(732d) Integrated Computational Screen and Design of Polymers for Post-Combustion Carbon Capture

Developing polymer membranes for cost-effective post-combustion carbon capture is challenging. Recent process modeling shows that for cost-effective post-combustion carbon capture using membrane separation technology, a polymer should have CO₂ permeance above 2000 GPU (10^−6 cm³(STP)/(cm² s cm Hg)) and CO₂/N₂ permeance selectivity above 25 ^[1] . Note that 1 GPU of permeance corresponds to 1 barrer (1×10^−10 cm³ (STP)· cm/cm² s cm Hg) of permeability if the selective polymer membrane thickness is assumed to be 1 mm (10^−6 m). A survey of the MSA polymer gas separation database ^[2] shows that only four sets of experimental data out of a total of ~ 1500 data sets exhibit CO₂ permeability above 2000 barrer and CO₂/N₂ selectivity above 25, and those polymers are glass at room temperature and as a result the physical aging of the glass significantly affects their performance.

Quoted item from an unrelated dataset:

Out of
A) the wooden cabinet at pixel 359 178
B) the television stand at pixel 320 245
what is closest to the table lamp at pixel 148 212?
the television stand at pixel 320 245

To address the above challenges of screening and designing rubber polymers for carbon capture, we adopted an integrated approach, which includes database surveys, chem-informatics and machine learning, and molecular modeling. Specifically, we have web-scraped the on-line CROW ^[3] polymer database. This database includes important polymer physical properties, such as glass transition temperature (Tg), polymer density, and van-der Waals volume for the repeat unit, from which the polymer free volume fraction was estimated. There are 238 polymers whose physical properties were collected; 111 polymers are rubbers at room temperature. Furthermore, CO₂ and N₂ permeability values in many polymers obtained from the CROW database were estimated using the polymer Genome platform and machine-learning models ^[4] developed by Ramprasad and coworkers. Preliminary calculations show that out of the 111 rubbers, the polydimethylsiloxane (PDMS) polymers exhibit a CO₂ permeability of ~4000 barrer, which is reasonably close to the experimental data and our molecular simulation results. All other rubbers calculated so far exhibit CO₂ permeability much less than 1000 barer. Note that both our molecular simulations and the literature experimental data show that the PDMS rubber polymer exhibits a CO₂/N₂ permeability selectivity of 7-9, much less than 25.

To further functionalize PDMS rubber to increase CO₂/N₂ permeability selectivity while maintaining its high CO₂ permeability, we utilized the computational database, which we recently developed to characterize CO₂ interactions with about 202 different functional groups. We also utilized the simplified molecular-input line-entry system (SMILES) and the RDKit software package implanted in Python to generate molecular structures for the above 111 rubbers to quickly look through the branch-structures of the polymers to functionalize the PDMS polymer. Finally, molecular simulation results of CO₂ and N₂ solubility^[5,6], diffusivity, permeability, and permeability selectivity will be presented for the above functionalized PDMS polymers.

References:

1. Zoelle, R. Newby, “Performance and Cost Sensitivities for Post-Combustion Membrane Systems”, NETL CO₂ capture Technology Project Review Meeting, Pittsburgh, PA, August 13-17, 2018.
2. Membrane Society of Australasia (MSA) Polymer Gas Separation Membrane Database, “https://membrane-australasia.org/msa-activities/polymer-gas-separation-membrane-database/”, accessed and downloaded locally on Aug 23, 2018.
3. CROW Polymer Science, http://www.polymerdatabase.com/, web-scraped on August 15 2019.
4. Polymer Genome, “https://www.polymergenome.org/”
5. Wei Shi, Robert L. Thompson, Megan K. Macala, Kevin Resnik, Janice A. Steckel, Nicholas S. Siefert, and David P. Hopkinson, “Molecular Simulations of CO₂ and H₂ Solubility, CO₂ Diffusivity, and Solvent Viscosity at 298 K for 27 Commercially Available Physical Solvents”, Invited paper to the Chem. Eng. Data, DOI: 10.1021/acs.jced.8b01228, 2019
6. Wei Shi, E. J. Maginn, “Continuous Fractional Component Monte Carlo: An Adaptive Biasing Method for Open System Atomistic Simulations”, Chem. Theory Comput. 2007, 3, 1451-1463.